::: Extracted entries :::
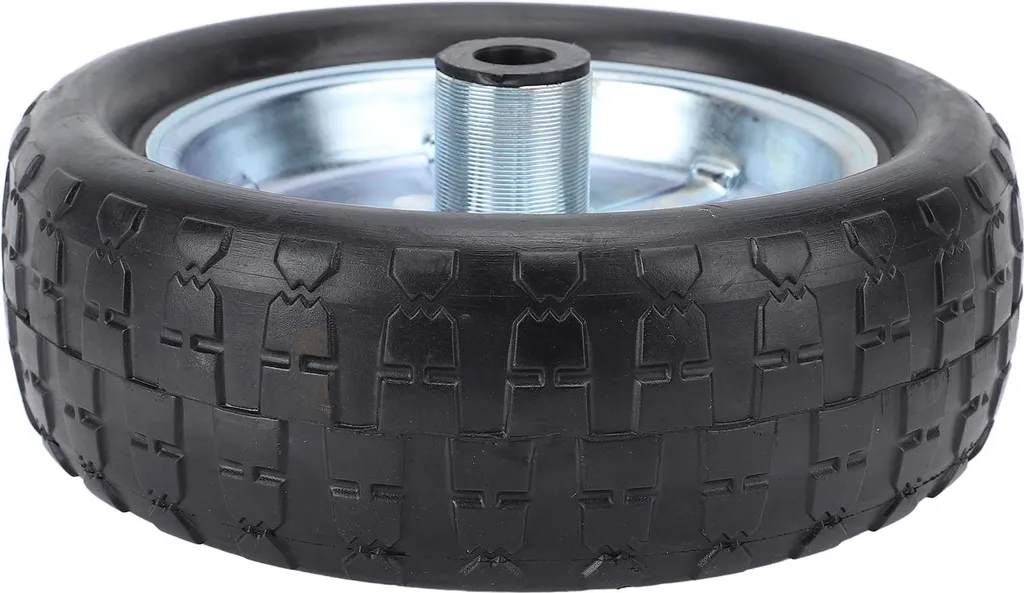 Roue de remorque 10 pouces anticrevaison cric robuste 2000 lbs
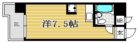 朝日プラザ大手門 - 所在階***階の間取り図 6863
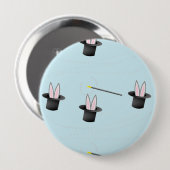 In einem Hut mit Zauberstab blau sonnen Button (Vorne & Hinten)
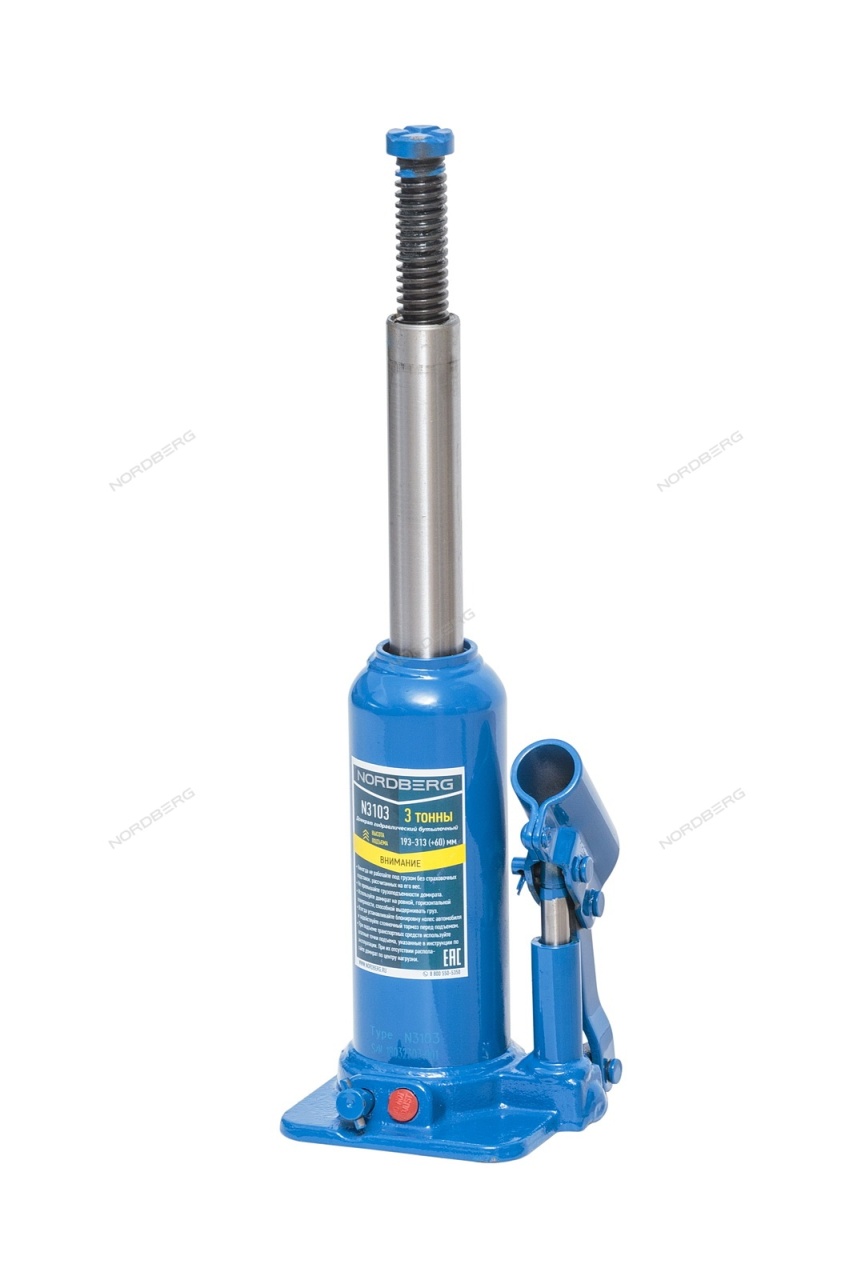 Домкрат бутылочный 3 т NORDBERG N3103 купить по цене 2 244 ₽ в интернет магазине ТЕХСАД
:::
::: Extracted entries :::
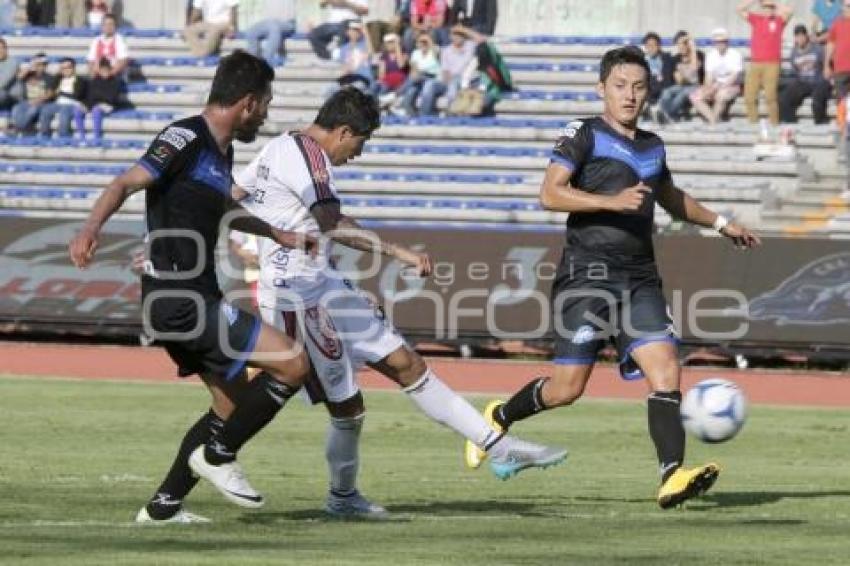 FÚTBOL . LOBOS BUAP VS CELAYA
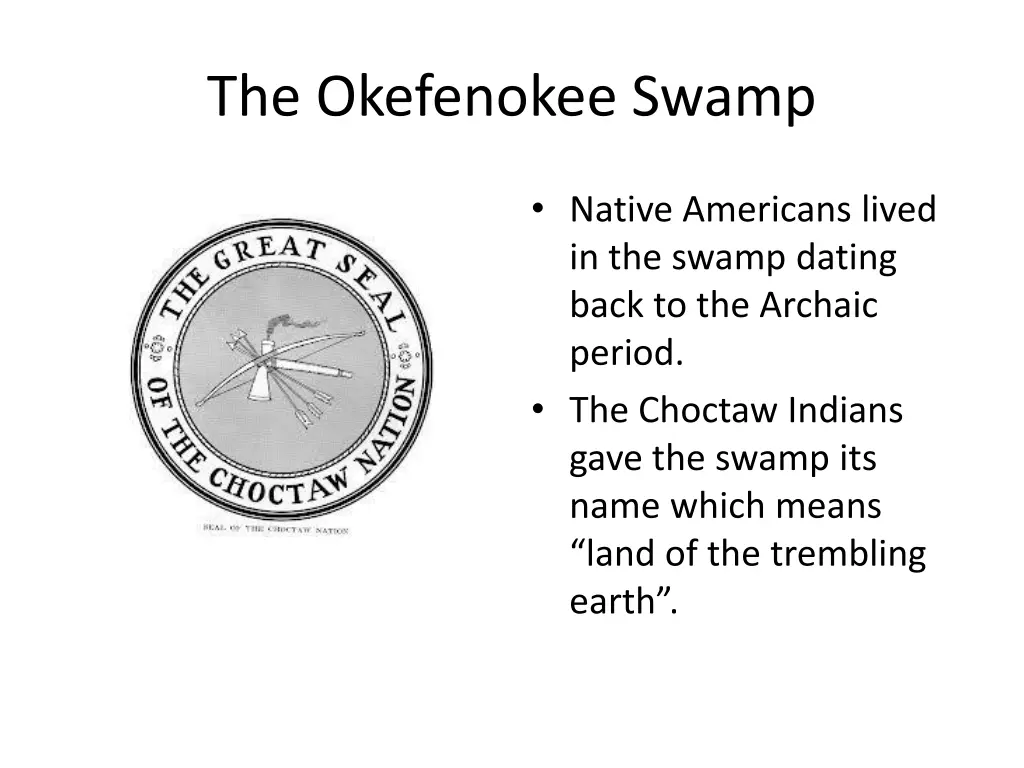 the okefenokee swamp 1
:::
▸ **What to do**
Working from the entries above, reproduce exactly and only the lines beginning with the line that has "Roue de remorque" and ending with the line that has "Домкрат бутылочный 3"; omit all pictures.

▸ **Response box**
 Roue de remorque 10 pouces anticrevaison cric robuste 2000 lbs
 朝日プラザ大手門 - 所在階***階の間取り図 6863
 In einem Hut mit Zauberstab blau sonnen Button (Vorne & Hinten)
 Домкрат бутылочный 3 т NORDBERG N3103 купить по цене 2 244 ₽ в интернет магазине ТЕХСАД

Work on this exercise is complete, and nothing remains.